BRZRKR No. 4, July 2021 |
Foremost of these non-blood soaked hooks is the way this comic’s collaborative penmanship depicts Bezerker’s parents finally having a parting of ways over their son’s future. The inhuman warrior’s mother has always been shown to have his best interests at heart, even when they badly conflict with the power-mad machinations of the young man’s (step) father, and thus her decision to pray for a magical gift from the gods which promises to “take the curse from” her child makes perfect sense. Unfortunately however, such a present would also badly jeopardise the dictatorial plans of her husband, who fatally decides to put his own greedy ambitions as King ahead of those of his family.
Likewise, there’s a real change shown in both the lead protagonist “cursed and compelled to violence”, as well as his modern-day head shrink, Doctor Diana Ahuja. Bezerker’s despair at the pitiless death of his mother, along with his stark realisation that much of her demise lies at the feet of his father’s selfish aspirations, weighs so heavily upon the half-mortal half-deity, that he eventually decides to commit suicide in the most grisly of fashions, rather than live any longer. Whilst the U.S. Government’s psychiatric ‘tool’ realises just how mentally damaged her patient must be, and somewhat surprisingly decides to suddenly ignore her orders by being completely honest with her patient for once.

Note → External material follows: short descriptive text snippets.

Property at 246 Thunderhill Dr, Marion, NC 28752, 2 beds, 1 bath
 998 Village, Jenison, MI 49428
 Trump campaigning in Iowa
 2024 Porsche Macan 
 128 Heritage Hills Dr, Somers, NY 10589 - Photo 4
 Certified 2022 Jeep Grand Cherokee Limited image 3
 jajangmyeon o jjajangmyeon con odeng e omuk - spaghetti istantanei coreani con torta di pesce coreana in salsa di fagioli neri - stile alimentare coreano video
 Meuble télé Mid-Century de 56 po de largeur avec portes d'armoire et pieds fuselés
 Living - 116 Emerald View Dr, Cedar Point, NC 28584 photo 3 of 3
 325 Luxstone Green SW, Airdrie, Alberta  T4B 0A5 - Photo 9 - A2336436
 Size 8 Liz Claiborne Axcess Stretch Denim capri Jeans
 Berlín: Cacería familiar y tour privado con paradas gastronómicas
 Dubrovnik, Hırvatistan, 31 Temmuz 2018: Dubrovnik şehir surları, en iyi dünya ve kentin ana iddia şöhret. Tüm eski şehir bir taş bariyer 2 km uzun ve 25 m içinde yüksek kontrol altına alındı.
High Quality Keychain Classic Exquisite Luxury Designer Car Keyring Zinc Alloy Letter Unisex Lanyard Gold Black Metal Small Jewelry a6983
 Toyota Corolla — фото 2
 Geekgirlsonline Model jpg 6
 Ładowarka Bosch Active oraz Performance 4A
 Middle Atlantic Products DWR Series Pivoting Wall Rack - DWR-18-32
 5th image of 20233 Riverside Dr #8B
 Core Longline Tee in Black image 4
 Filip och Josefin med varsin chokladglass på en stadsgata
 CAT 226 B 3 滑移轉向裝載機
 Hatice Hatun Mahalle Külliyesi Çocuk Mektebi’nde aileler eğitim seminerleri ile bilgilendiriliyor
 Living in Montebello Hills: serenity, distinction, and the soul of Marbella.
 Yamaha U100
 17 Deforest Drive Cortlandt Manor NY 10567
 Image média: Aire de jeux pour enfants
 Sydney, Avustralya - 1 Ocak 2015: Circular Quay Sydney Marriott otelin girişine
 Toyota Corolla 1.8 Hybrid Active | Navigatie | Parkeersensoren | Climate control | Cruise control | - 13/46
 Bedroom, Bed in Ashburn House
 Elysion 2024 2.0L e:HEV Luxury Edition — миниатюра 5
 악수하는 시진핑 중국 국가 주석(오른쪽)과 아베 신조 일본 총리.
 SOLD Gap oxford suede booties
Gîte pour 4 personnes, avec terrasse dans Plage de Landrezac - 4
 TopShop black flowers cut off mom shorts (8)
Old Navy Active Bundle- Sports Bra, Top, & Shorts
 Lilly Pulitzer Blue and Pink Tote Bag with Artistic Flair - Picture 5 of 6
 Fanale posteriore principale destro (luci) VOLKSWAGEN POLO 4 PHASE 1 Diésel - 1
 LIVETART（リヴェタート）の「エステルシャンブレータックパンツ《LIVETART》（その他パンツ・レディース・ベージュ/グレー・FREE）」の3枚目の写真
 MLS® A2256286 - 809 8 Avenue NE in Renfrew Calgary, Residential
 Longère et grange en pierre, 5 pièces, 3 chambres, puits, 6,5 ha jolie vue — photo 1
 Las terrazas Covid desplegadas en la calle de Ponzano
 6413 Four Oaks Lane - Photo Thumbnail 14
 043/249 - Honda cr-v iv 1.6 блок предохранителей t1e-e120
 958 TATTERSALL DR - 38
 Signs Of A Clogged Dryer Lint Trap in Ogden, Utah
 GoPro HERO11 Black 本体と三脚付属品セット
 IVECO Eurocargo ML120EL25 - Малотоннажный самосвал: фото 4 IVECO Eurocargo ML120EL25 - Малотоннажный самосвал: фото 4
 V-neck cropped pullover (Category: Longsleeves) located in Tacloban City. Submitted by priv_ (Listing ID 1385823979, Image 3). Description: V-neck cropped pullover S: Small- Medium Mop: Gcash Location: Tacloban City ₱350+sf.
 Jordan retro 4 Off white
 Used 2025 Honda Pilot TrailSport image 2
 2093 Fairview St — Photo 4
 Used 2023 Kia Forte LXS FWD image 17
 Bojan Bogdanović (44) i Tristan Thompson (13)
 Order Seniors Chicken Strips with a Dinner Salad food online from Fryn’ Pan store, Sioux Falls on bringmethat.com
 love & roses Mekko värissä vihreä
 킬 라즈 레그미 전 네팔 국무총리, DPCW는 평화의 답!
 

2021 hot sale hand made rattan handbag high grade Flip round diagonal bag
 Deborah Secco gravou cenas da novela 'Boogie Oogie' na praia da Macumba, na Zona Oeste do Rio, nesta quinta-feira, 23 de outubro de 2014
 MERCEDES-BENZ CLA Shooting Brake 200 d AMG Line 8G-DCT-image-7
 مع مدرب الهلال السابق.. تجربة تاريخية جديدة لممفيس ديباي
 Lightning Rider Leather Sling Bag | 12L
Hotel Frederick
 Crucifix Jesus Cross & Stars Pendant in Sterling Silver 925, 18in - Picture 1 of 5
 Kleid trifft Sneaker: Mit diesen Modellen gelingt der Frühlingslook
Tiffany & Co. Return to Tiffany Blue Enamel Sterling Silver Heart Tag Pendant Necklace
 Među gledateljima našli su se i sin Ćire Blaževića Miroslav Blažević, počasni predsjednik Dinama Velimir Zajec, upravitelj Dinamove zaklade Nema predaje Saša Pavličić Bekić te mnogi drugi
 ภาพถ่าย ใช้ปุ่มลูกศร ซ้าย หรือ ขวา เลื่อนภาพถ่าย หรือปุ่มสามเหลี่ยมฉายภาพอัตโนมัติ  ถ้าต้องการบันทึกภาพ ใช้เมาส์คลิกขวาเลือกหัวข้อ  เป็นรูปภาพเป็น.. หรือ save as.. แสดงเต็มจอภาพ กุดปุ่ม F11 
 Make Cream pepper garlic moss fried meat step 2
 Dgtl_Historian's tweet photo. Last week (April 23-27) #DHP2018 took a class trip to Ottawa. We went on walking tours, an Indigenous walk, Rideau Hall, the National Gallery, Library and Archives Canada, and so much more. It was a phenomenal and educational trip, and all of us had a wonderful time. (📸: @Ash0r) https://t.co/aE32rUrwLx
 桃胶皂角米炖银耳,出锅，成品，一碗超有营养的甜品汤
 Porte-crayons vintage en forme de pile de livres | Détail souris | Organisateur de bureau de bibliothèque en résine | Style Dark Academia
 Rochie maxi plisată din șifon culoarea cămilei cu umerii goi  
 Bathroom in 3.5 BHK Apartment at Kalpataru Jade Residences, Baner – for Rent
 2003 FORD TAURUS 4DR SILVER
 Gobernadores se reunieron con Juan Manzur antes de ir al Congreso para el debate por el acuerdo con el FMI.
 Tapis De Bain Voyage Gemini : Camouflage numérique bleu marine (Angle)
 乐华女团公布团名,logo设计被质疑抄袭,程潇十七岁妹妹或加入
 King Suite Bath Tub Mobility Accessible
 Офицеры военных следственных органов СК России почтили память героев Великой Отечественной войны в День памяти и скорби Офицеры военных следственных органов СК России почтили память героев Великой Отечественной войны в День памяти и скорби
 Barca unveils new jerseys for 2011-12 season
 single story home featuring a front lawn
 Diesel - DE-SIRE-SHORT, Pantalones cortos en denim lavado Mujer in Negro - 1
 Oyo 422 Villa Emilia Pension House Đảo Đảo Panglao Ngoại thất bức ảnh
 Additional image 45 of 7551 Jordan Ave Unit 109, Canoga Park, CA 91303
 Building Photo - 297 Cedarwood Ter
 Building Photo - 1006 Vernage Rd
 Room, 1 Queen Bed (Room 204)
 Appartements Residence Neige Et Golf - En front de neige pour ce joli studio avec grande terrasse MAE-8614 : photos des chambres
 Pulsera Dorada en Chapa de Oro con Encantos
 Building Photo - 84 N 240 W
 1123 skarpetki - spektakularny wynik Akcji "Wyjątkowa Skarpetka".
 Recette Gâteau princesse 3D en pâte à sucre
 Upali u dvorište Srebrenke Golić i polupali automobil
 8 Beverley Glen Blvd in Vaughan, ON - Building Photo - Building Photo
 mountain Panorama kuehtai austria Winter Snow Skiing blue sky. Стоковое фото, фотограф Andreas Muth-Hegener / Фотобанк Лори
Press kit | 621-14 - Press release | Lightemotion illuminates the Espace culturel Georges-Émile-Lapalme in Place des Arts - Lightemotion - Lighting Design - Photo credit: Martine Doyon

Of course, that’s not to say that there still isn’t buckets of gore aplenty for those bibliophiles who only plucked this publication off of the spinner-rack for its gratuitous depiction of half-naked wildlings being brutally broken into a bloody pulp. In fact, neatly dispersed in between all this comic’s healthy exposition as to how Bezerker discovered he couldn’t be killed, is arguably some of artist Ron Garney’s most grisly-looking demises to date, including a sequence depicting the black-haired ‘weapon’ slaughtering his opponents with the jawbone of horse as if he were the biblical hero Samson himself.